*Exercise*. Would you transcribe the listing that follows, character for character, and omit its images?

BEGIN

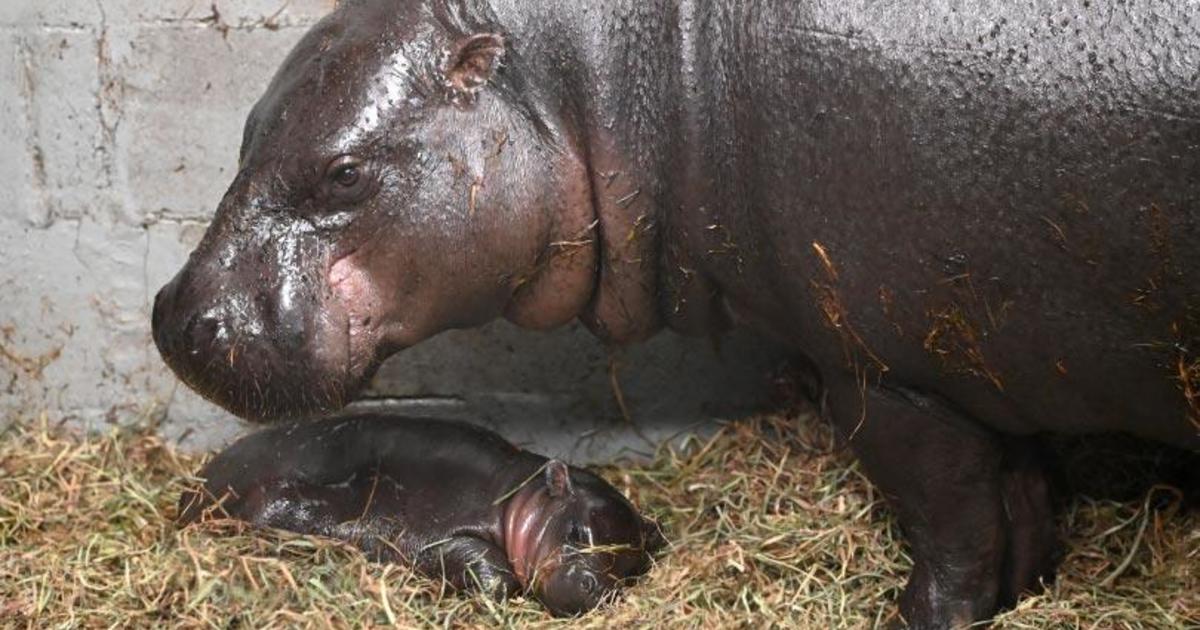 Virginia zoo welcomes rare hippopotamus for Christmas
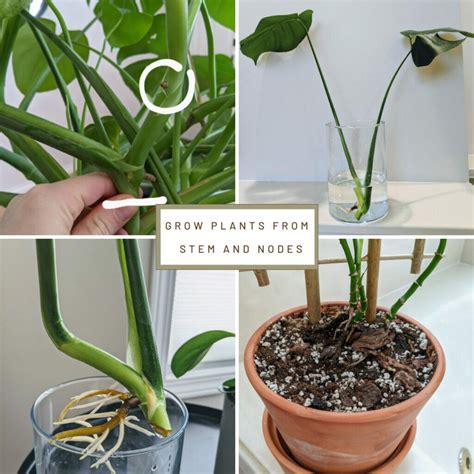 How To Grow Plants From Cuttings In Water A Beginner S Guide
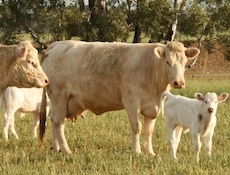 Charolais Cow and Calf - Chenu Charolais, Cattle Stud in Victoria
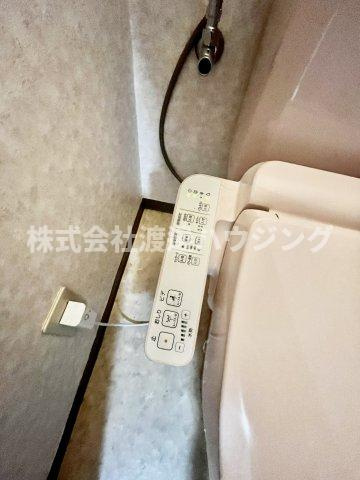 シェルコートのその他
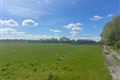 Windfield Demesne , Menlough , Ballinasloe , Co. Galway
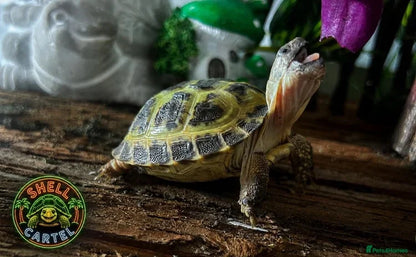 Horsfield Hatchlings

END

*Answer area*.
 Virginia zoo welcomes rare hippopotamus for Christmas
 How To Grow Plants From Cuttings In Water A Beginner S Guide
 Charolais Cow and Calf - Chenu Charolais, Cattle Stud in Victoria
 シェルコートのその他
 Windfield Demesne , Menlough , Ballinasloe , Co. Galway
 Horsfield Hatchlings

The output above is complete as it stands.